Required work: Transcribe every line from the one containing "- Boto Lakované" through the end of the records below, exactly, but not the pictures.

--*--

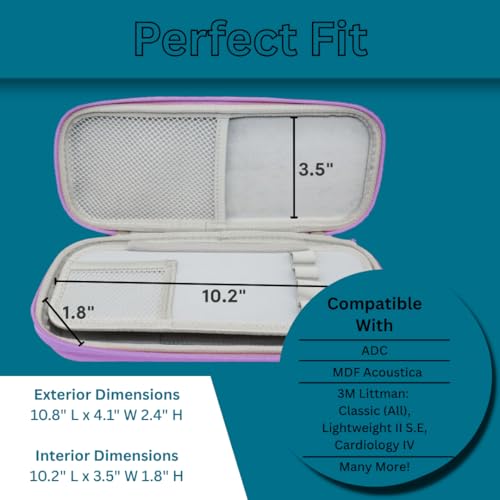Hard Stethoscope Case for 3M Littmann Classic III, Lightweight II S.E, Cardiology IV Diagnostic, MDF Acoustica - ID Slot, Mesh Pocket for Nurse Accessories and Medical Supplies (Purple - Pu Leather) Purple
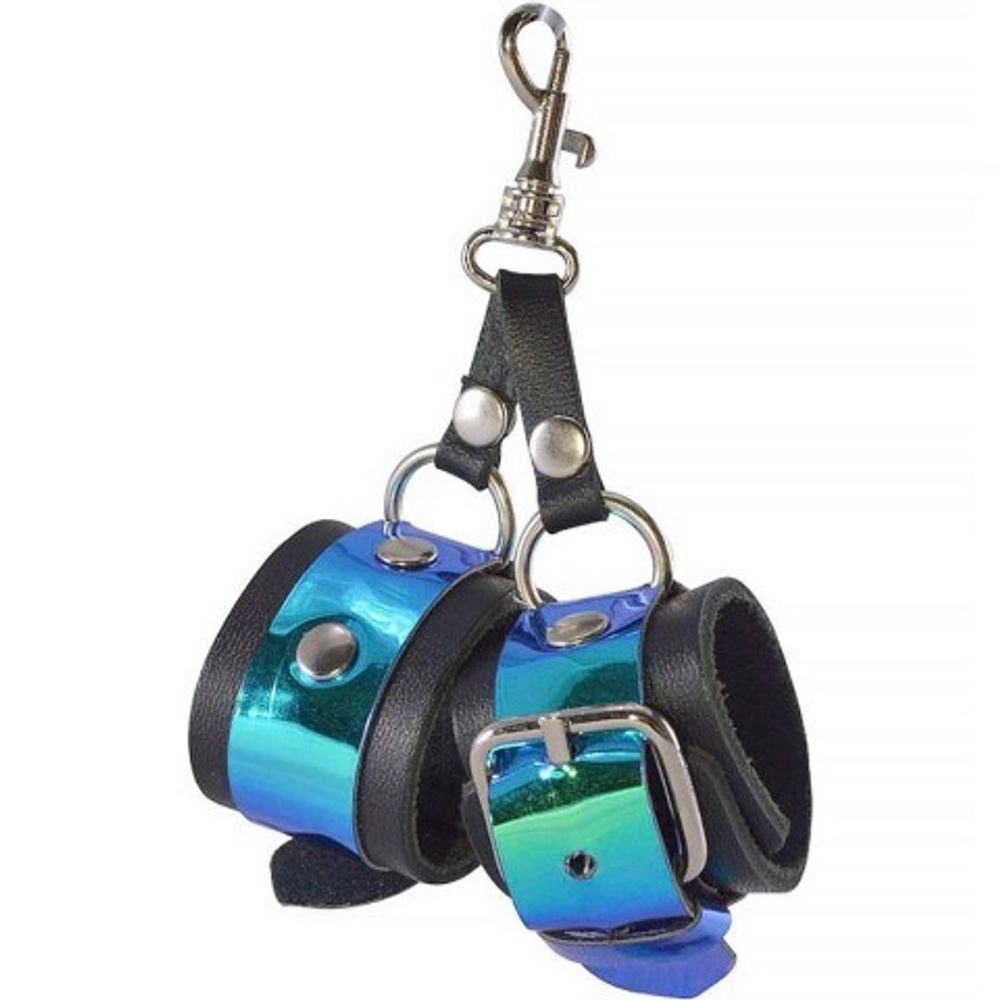 Брелок-сувенир "Наручники" в голубом цвете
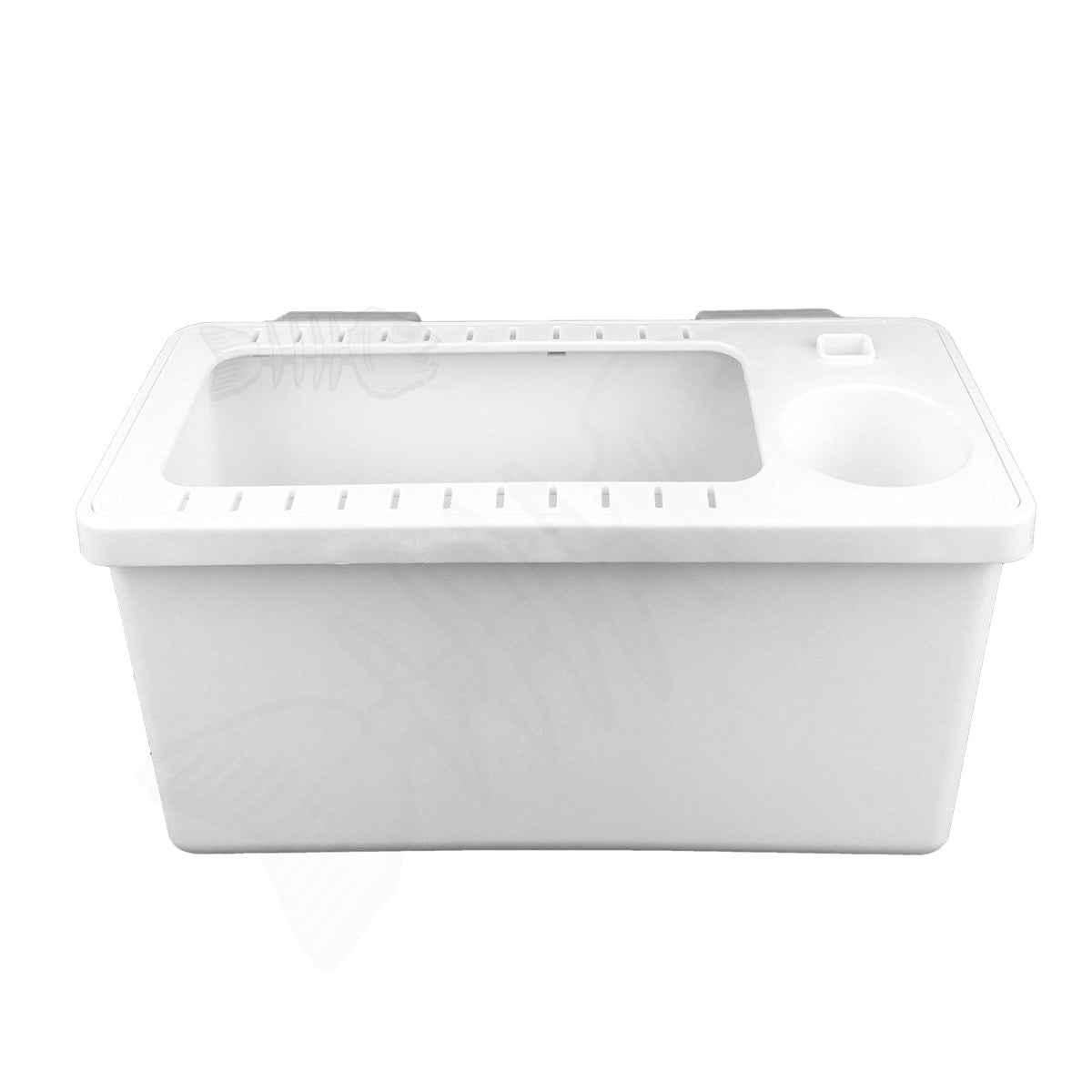 Tinnie Bait & Tackle Storage Bin - Boat Gunwale Box with Cup Holder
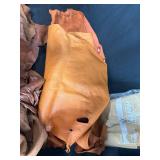 Large Bin of Mixed Leather Hides and Birch Bark Sheets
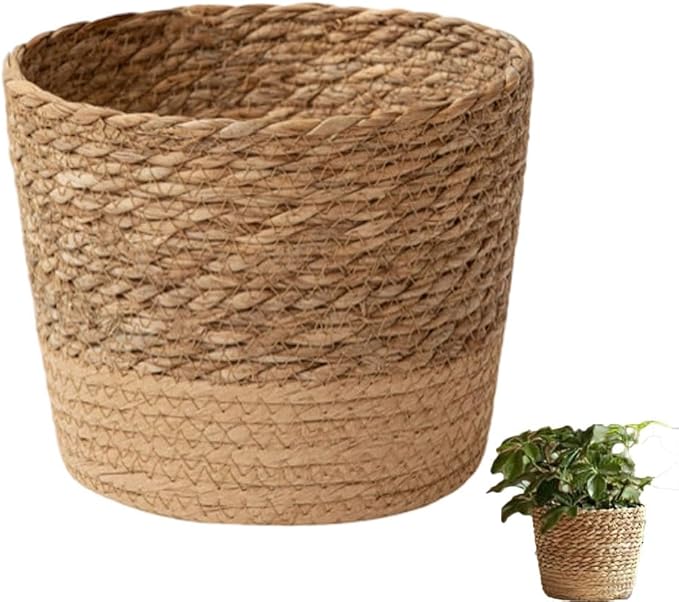 Woven Flower Pot Basket, Seagrass Storage Organizer Planter, Rustic Decorative Plant Containers Cover Laundry Bin for Porch Living Room Entryway (Khaki, 7.9Inch)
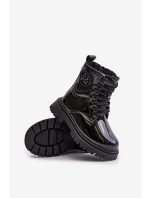Lakované boty dívčí zateplené kožešinou na zip černé model 21672490 - Boto Lakované boty dívčí zateplené kožešinou na zip černé model 21672490 - Boto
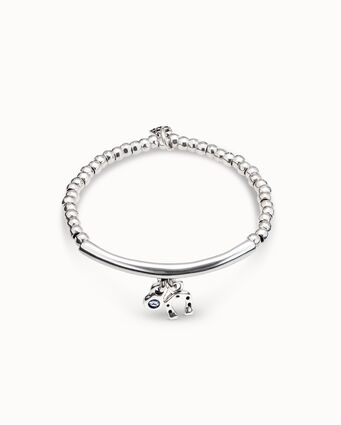 Pulsera elástica bañada en plata de ley con túbulo y charm con cristal verde y herradura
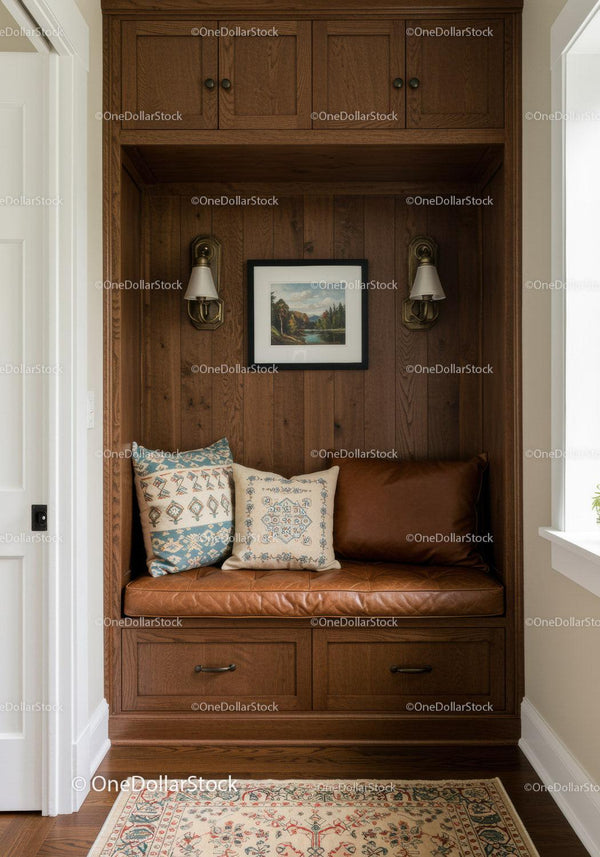 Cozy Window Nook with Cushions and Wooden Paneling in Warm Interior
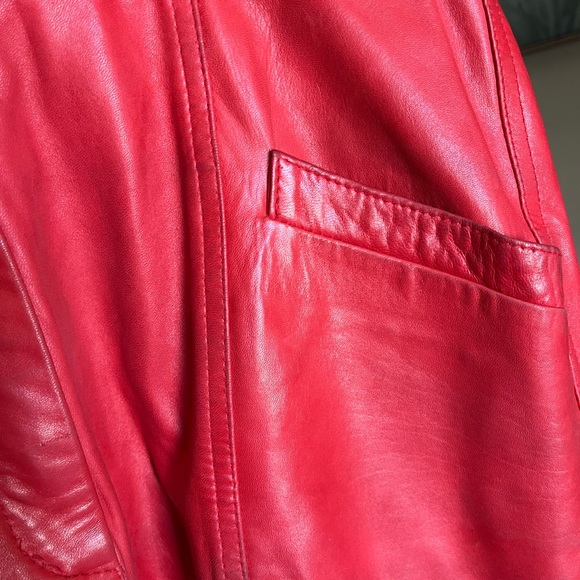 Red Leather Laurel Skirt Sz 36 Made In Germany fits Like 2-4 See Measurements - Picture 8 of 10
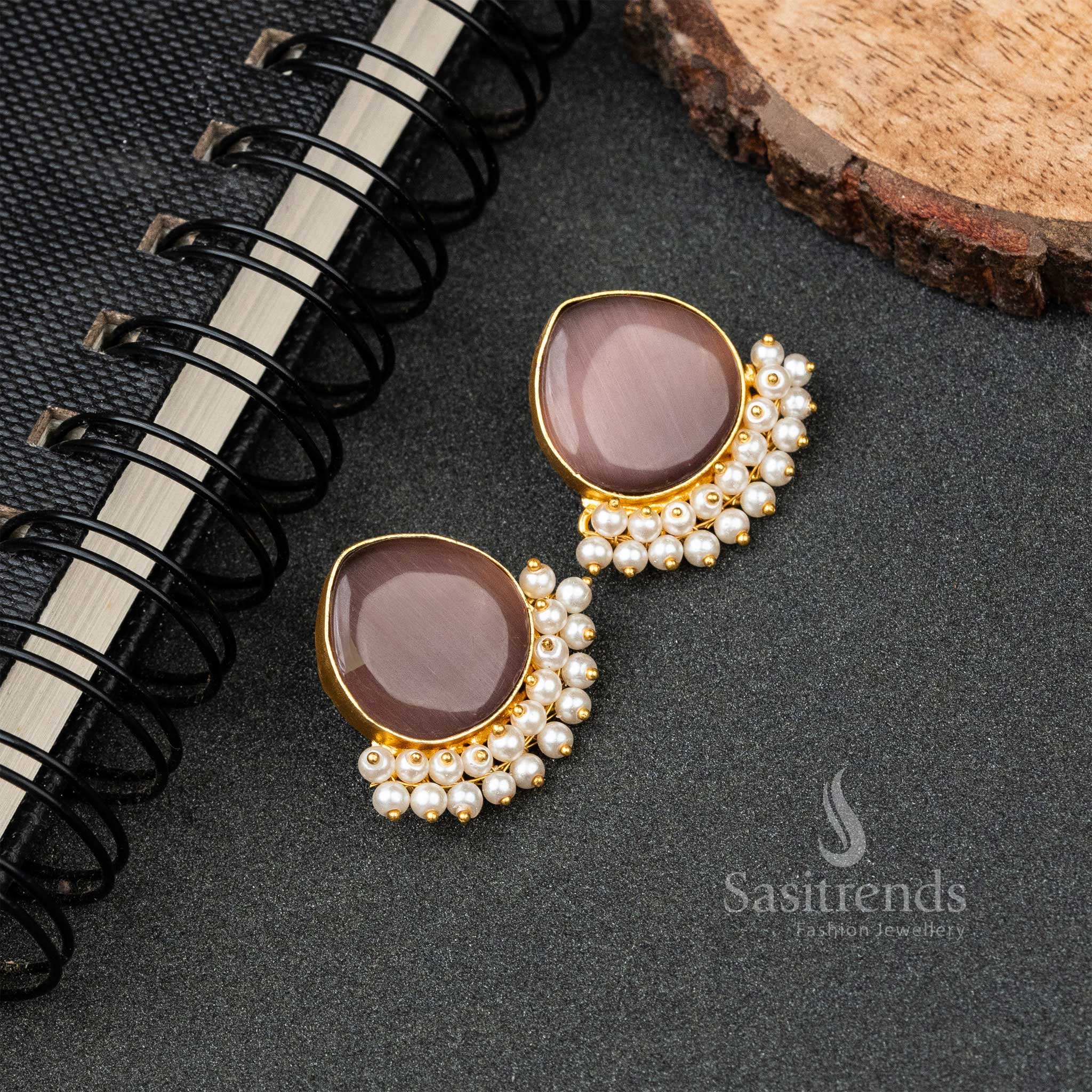 Stylish Gold Plated Pearl Hanging Monalisa Stone Studded Earrings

--*--

Exercise result:
Lakované boty dívčí zateplené kožešinou na zip černé model 21672490 - Boto Lakované boty dívčí zateplené kožešinou na zip černé model 21672490 - Boto
 Pulsera elástica bañada en plata de ley con túbulo y charm con cristal verde y herradura
 Cozy Window Nook with Cushions and Wooden Paneling in Warm Interior
 Red Leather Laurel Skirt Sz 36 Made In Germany fits Like 2-4 See Measurements - Picture 8 of 10
 Stylish Gold Plated Pearl Hanging Monalisa Stone Studded Earrings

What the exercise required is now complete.